Geboren in Mussidan in Frankreich, musste Madeleine immer wieder mit ihren Eltern siedeln. Eindrucksvoller als die äußere Bewegung war ihr innerer Weg. Sie wurde als Kind getauft und hat die Erstkommunion gefeiert. Später wird sie sagen, sie habe in dieser Zeit wunderbare Menschen kennen gelernt, die ihr den christlichen Glauben nahegebracht haben. Dann aber ebenso beeindruckende Persönlichkeiten, die sie davon abgebracht haben. Mit 15 sei sie durch und durch Atheistin gewesen: „Gott ist tot, es lebe der Tod“, schreibt sie mit 17 Jahren.

Sie beginnt ihr Studium an der Sorbonne, gewinnt einen Literaturpreis, bis sich in ihrem Leben etwas ereignet, das sie als das „blendende Wunder“ bezeichnet: Sie entdeckt Gott. In einem Gebet spiegelt sich dieser unerwartete Einschnitt: „Du lebtest, und ich wusste es nicht. Du hattest mein Herz nach deinem Maß geschaffen, mein Leben, um so lange zu währen wie du, und weil du nicht da warst, erschien mir die ganze Welt als klein und hässlich und unser Schicksal als stumpfsinnig und böse. Als ich erfahren hatte, dass du lebst, habe ich dir dafür gedankt, dass du mich ins Leben gerufen hast, und ich habe dir für das Leben der ganzen Welt gedankt.“

Angesichts dieser starken Erfahrung denkt sie an ein Leben als Karmelitin, entscheidet sich dann aber für Sozialarbeiterin. Mit Freundinnen zieht sie in eine Industrie-Vorstadt von Paris: Ivry. Dort wollen die jungen Frauen gemeinsam ein religiöses Leben inmitten einer überwältigenden Mehrheit kommunistisch orientierter Arbeiterinnen und Arbeiter führen. Darin sehen sie ihre Berufung. Was das heißt, das hält Madeleine Delbrêl in einem eindrucksvollen Bild fest: „Die Leidenschaft für Gott wird uns klarmachen, dass unser christliches Leben ein Schreiten zwischen zwei Abgründen ist. Der eine ist der messbare Abgrund der Ablehnung Gottes durch die Welt. Der andere ist der unauslotbare Abgrund des Geheimnisses Gottes.“

Dieses unauslotbare Geheimnis Gott ist für Madeleine Delbrêl das Wertvollste ihres Lebens. In Begegnungen mit beeindruckenden Männern und Frauen wurde der Kommunismus für sie zu einer Versuchung. Als sie aber versteht, dass der Atheismus für ihn unverzichtbar ist, ist ihre Entscheidung klar. Gott ist und bleibt für sie die alles tragende Gewissheit: „Der Mittelpunkt dieses Lebens, seine Freude, sein tiefster Daseinsgrund, ohne den es eitel erschiene, ist die Gabe unserer selbst an Gott, in Jesus Christus.“ Das bedeutet nicht Rückzug aus der Gesellschaft. Für sie ist es wichtig, „in dieser Welt, in sie hineinversenkt, als Partikel der Menschheit“ zu sein, um dort „Gott einen Ort zu sichern“.

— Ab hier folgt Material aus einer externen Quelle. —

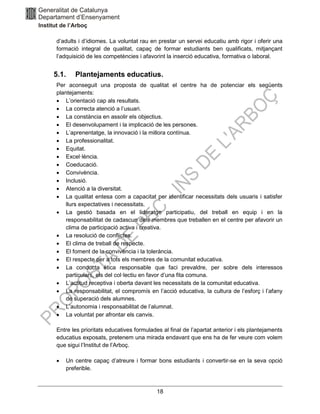 18
d’adults i d’idiomes. La voluntat rau en prestar un servei educatiu amb rigor i oferir una
formació integral de qualitat, capaç de formar estudiants ben qualificats, mitjançant
l’adquisició de les competències i afavorint la inserció educativa, formativa o laboral.
5.1. Plantejaments educatius.
Per aconseguit una proposta de qualitat el centre ha de potenciar els següents
plantejaments:
• L’orientació cap als resultats.
• La correcta atenció a l’usuari.
• La constància en assolir els objectius.
• El desenvolupament i la implicació de les persones.
• L’aprenentatge, la innovació i la millora contínua.
• La professionalitat.
• Equitat.
• Excel·lència.
• Coeducació.
• Convivència.
• Inclusió.
• Atenció a la diversitat.
• La qualitat entesa com a capacitat per identificar necessitats dels usuaris i satisfer
llurs expectatives i necessitats.
• La gestió basada en el lideratge participatiu, del treball en equip i en la
responsabilitat de cadascun dels membres que treballen en el centre per afavorir un
clima de participació activa i creativa.
• La resolució de conflictes.
• El clima de treball de respecte.
• El foment de la convivència i la tolerància.
• El respecte per a tots els membres de la comunitat educativa.
• La conducta ètica responsable que faci prevaldre, per sobre dels interessos
particulars, els del col·lectiu en favor d’una fita comuna.
• L’actitud receptiva i oberta davant les necessitats de la comunitat educativa.
• La responsabilitat, el compromís en l’acció educativa, la cultura de l’esforç i l’afany
de superació dels alumnes.
• L’autonomia i responsabilitat de l’alumnat.
• La voluntat per afrontar els canvis.
Entre les prioritats educatives formulades al final de l’apartat anterior i els plantejaments
educatius exposats, pretenem una mirada endavant que ens ha de fer veure com volem
que sigui l’Institut de l’Arboç.
• Un centre capaç d’atreure i formar bons estudiants i convertir-se en la seva opció
preferible.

Wenn Gott zur Wirklichkeit wird

Manchmal sieht es in unseren Breiten in der öffentlichen Diskussion so aus, als sei der Atheismus die einzige Alternative, für die sich ein denkender Mensch heute entscheiden könne. Atheismus als Überzeugung, dass eigentlich nichts für Gott und den Glauben an Gott spricht.

Zu dieser einseitigen öffentlichen Wahrnehmung gehört auch, dass zwar in den Medien religiöse Themen aufgegriffen werden, dass man aber zumeist am „äußeren Bild“ der Glaubensgemeinschaften bleibt. Wenn es um den Inhalt religiöser Überzeugungen geht, werden die Ausführungen nicht selten wenig differenziert, distanzierter oder ablehnend.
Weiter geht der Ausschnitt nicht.